Las sociedades que superaron crisis similares lo hicieron por formar un movimiento social exigente del cambio, de tal tamaño y argumentos que forzaron a las fuerzas políticas existentes o crearon nuevas.  Los ciudadanos se dieron cuenta de que sus pláticas y votos son más trascendentes de lo que creían; que los conversatorios de autoevaluación honesta tejen visiones unificadas potentes y que las tímidas solicitudes en privado no dan resultados.

Superar la crisis pasa por entender que los grandes problemas exigen respuestas colectivas; que las medidas individuales tienen consecuencias cortas; que es necesario cambiar lo que no funciona y reconstruir lo que es común a todos: las instituciones, la organización social, la política.

Otro pilar imprescindible para superar la crisis es construir un programa de emergencia que identifique los cambios necesarios en las políticas para generar seguridad ciudadana; prevención del delito, investigación, persecución y justicia; crecimiento económico, empleo, desarrollo de la agricultura, pesca, turismo y nuevas áreas; mayor acceso a educación, salud, vivienda, servicios básicos. Todo ello con sostenibilidad ambiental y desarrollo urbano.

Un programa de emergencia ambicioso que rompa con la inercia de decadencia, un cambio fundamentado para dejar de hacer lo que no funciona.

Esta puede ser la crisis que obligue a cambiar la relación del estado con el crimen organizado.
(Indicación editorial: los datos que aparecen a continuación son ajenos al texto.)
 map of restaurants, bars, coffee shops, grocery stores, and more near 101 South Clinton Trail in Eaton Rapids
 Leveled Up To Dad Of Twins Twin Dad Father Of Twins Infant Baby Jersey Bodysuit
Dos factores favorables son que el tipo de drogas químicas que dominan el mercado hace posible prescindir de Sinaloa como centro logístico y que la opinión pública mundial está observando lo que sucede.

No hay que prolongar la vida de violencia-culiacanazos-pax narca, de crecimiento económico mediocre y pobreza.

Se puede. Hay coyuntura internacional, potencialidades económicas, necesidad, inconformidad y, sobre todo, mucha gente de bien, conocedora y capaz.